The House of Commons Environment, Food and Rural Affairs Committee, to which I was privileged to give oral evidence back in June, today published their report Controlling dangerous dogs, calling for a full-scale review of current dog control legislation and policy to better protect the public, under the banner headline:
Dangerous Dogs legislation fails to protect the public while harming animal welfare (Their words, not mine)
The inquiry was launched to investigate Breed Specific Legislation (BSL) and wider dog control, amid concerns that the current approach was not protecting the public adequately. The Committee said an alternative dog control model should be developed that focused on prevention though education, early intervention, and consistently robust sanctions for offenders. Among its recommendations to Government are:
- Removing the prohibition on transferring banned breeds to new owners. The Committee found the prohibition to be misguided, as it results in the unnecessary destruction of good-tempered dogs that could have been safely re-homed.

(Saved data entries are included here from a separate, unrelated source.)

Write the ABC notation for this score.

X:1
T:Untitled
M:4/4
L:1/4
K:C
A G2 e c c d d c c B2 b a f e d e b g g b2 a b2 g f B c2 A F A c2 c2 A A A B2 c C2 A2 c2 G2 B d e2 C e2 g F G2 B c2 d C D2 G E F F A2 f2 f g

- An independent review into the factors behind dog aggression and attacks, and whether banned breeds pose an inherently greater threat. The Committee raised serious concerns about the robustness of the Government’s evidence base on BSL, and highlighted evidence showing that some legal breeds can pose just as great a risk to public safety as illegal breeds.
- Mandatory dog awareness courses for owners involved in low to mid-level offences. A compulsory training course, similar to speed awareness courses for drivers.

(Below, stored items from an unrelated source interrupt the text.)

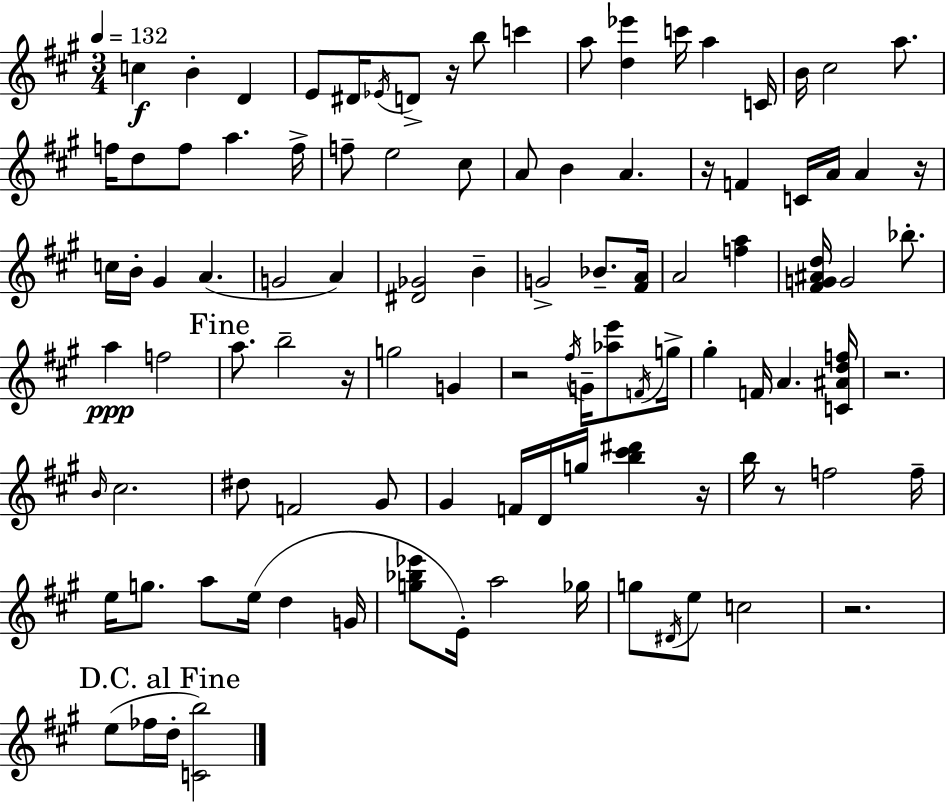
{
  \clef treble
  \numericTimeSignature
  \time 3/4
  \key a \major
  \tempo 4 = 132
  c''4\f b'4-. d'4 | e'8 dis'16 \acciaccatura { ees'16 } d'8-> r16 b''8 c'''4 | a''8 <d'' ees'''>4 c'''16 a''4 | c'16 b'16 cis''2 a''8. | \break f''16 d''8 f''8 a''4. | f''16-> f''8-- e''2 cis''8 | a'8 b'4 a'4. | r16 f'4 c'16 a'16 a'4 | \break r16 c''16 b'16-. gis'4 a'4.( | g'2 a'4) | <dis' ges'>2 b'4-- | g'2-> bes'8.-- | \break <fis' a'>16 a'2 <f'' a''>4 | <fis' g' ais' d''>16 g'2 bes''8.-. | a''4\ppp f''2 | \mark "Fine" a''8. b''2-- | \break r16 g''2 g'4 | r2 \acciaccatura { fis''16 } g'16-- <aes'' e'''>8 | \acciaccatura { f'16 } g''16-> gis''4-. f'16 a'4. | <c' ais' d'' f''>16 r2. | \break \grace { b'16 } cis''2. | dis''8 f'2 | gis'8 gis'4 f'16 d'16 g''16 <b'' cis''' dis'''>4 | r16 b''16 r8 f''2 | \break f''16-- e''16 g''8. a''8 e''16( d''4 | g'16 <g'' bes'' ees'''>8 e'16-.) a''2 | ges''16 g''8 \acciaccatura { dis'16 } e''8 c''2 | r2. | \break \mark "D.C. al Fine" e''8( fes''16 d''16-. <c' b''>2) | \bar "|."
}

- Awareness campaigns to encourage responsible ownership and improve childhood education on staying safe around dogs.
- A new Dog Control Act to consolidate the existing patchwork of legislation and provide enforcement authorities with new powers.

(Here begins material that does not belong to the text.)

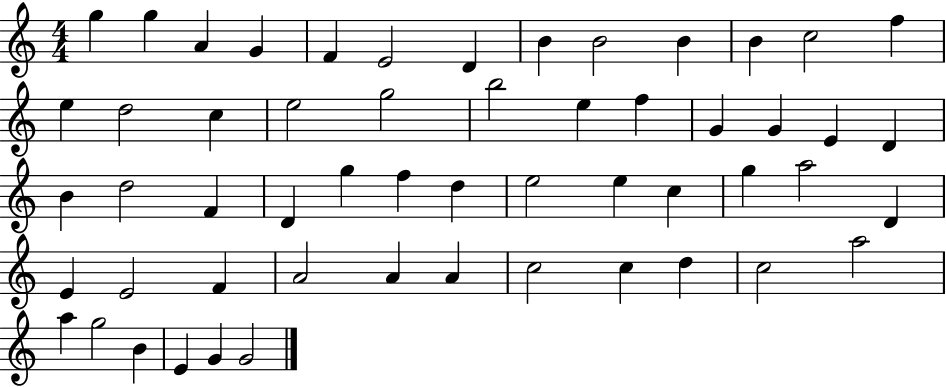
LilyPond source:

The full fifty pages of the report include the details and reasoning behind the recommendations and also, hidden away at para 64, is the following: It is important that any efforts to encourage attendance at educational training courses are not undermined by bad practices in the private industry. As part of the review we have called for, the Government should investigate the impact of poor dog training practices in the private industry, and the merits of stricter regulations to ensure all trainers are properly accredited according to a standardised framework.
No, it isn’t the total solution, but yes, it is several steps in the right direction.